About this task -
Give back the lines below verbatim, omitting all pictures.

The data -
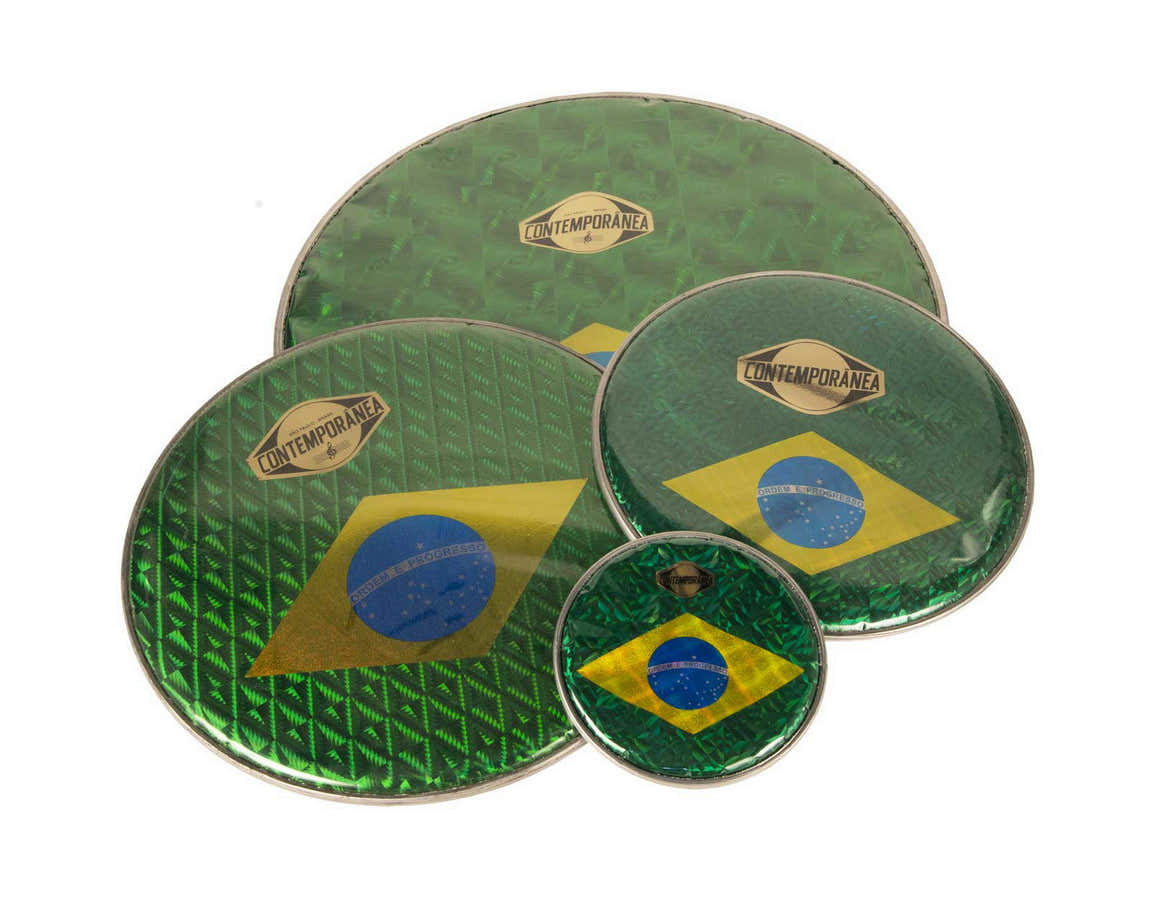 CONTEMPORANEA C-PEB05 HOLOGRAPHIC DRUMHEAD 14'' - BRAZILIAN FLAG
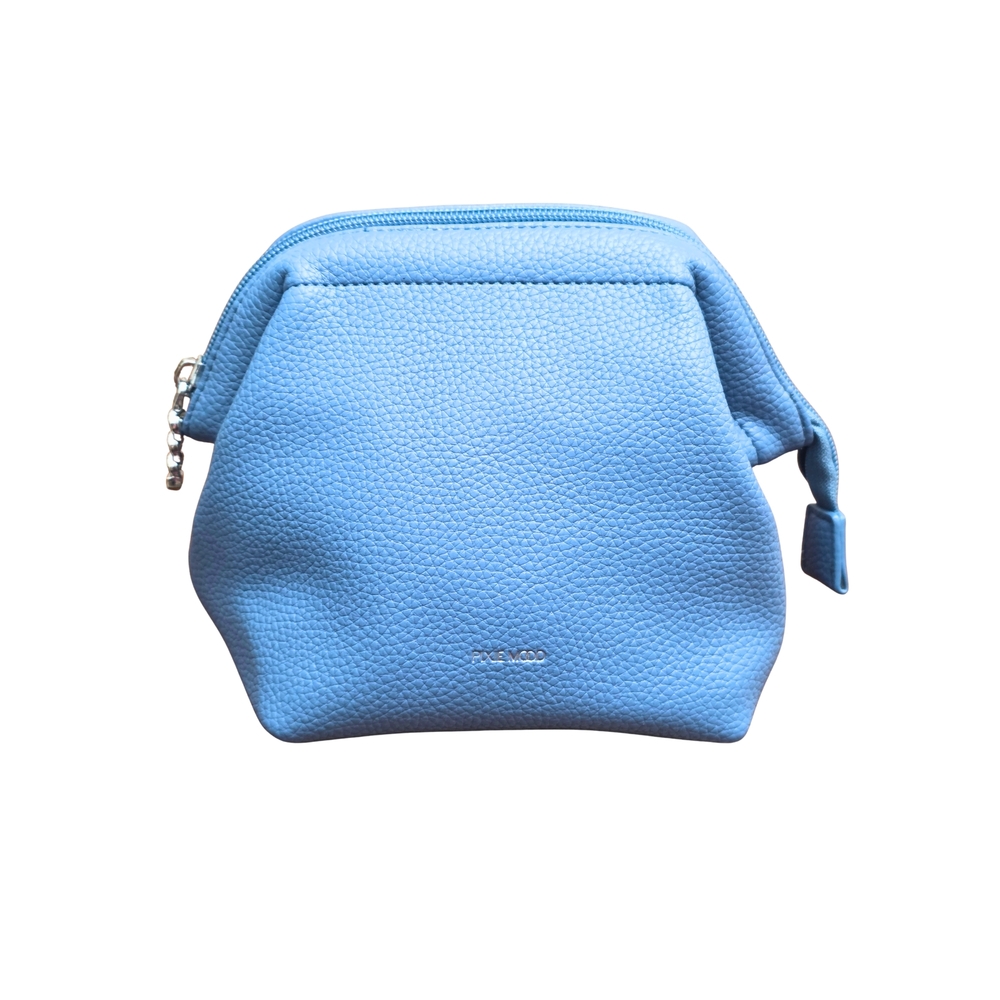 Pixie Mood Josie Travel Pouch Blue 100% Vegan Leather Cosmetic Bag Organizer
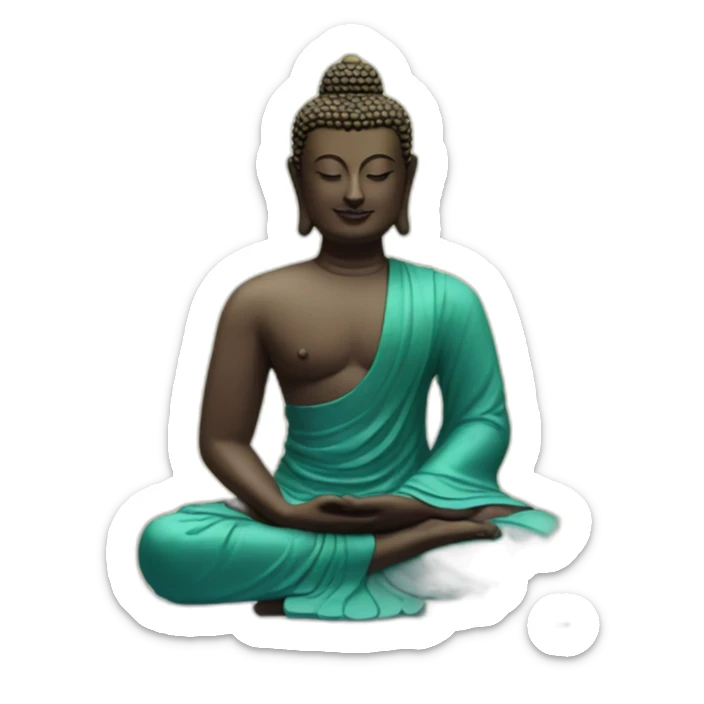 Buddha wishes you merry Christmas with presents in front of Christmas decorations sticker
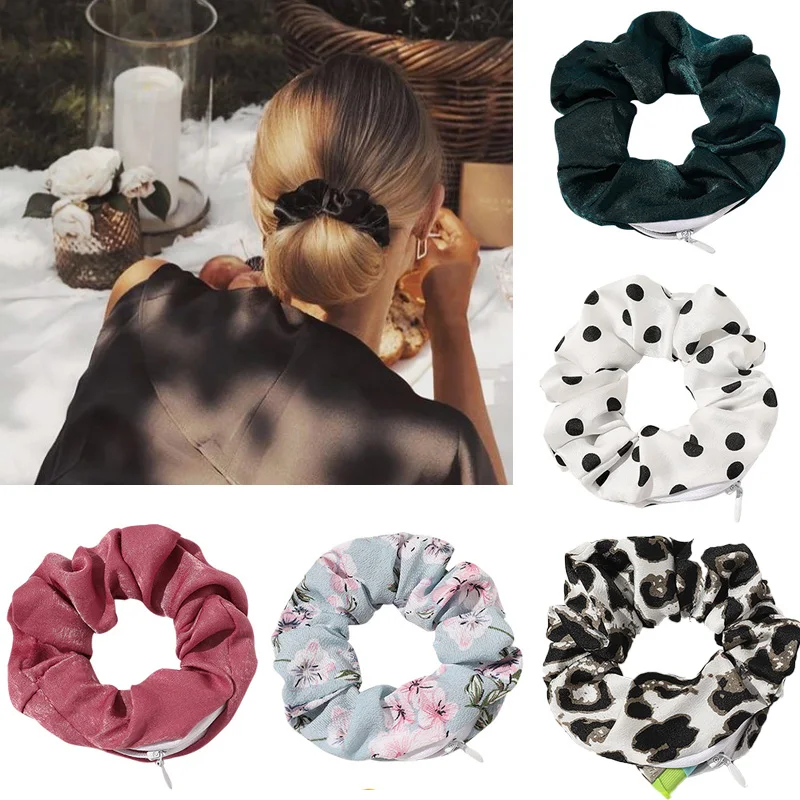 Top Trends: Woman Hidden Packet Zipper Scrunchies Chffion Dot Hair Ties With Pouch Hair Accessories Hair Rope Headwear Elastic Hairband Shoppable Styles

Exercise result -
 CONTEMPORANEA C-PEB05 HOLOGRAPHIC DRUMHEAD 14'' - BRAZILIAN FLAG
 Pixie Mood Josie Travel Pouch Blue 100% Vegan Leather Cosmetic Bag Organizer
 Buddha wishes you merry Christmas with presents in front of Christmas decorations sticker
 Top Trends: Woman Hidden Packet Zipper Scrunchies Chffion Dot Hair Ties With Pouch Hair Accessories Hair Rope Headwear Elastic Hairband Shoppable Styles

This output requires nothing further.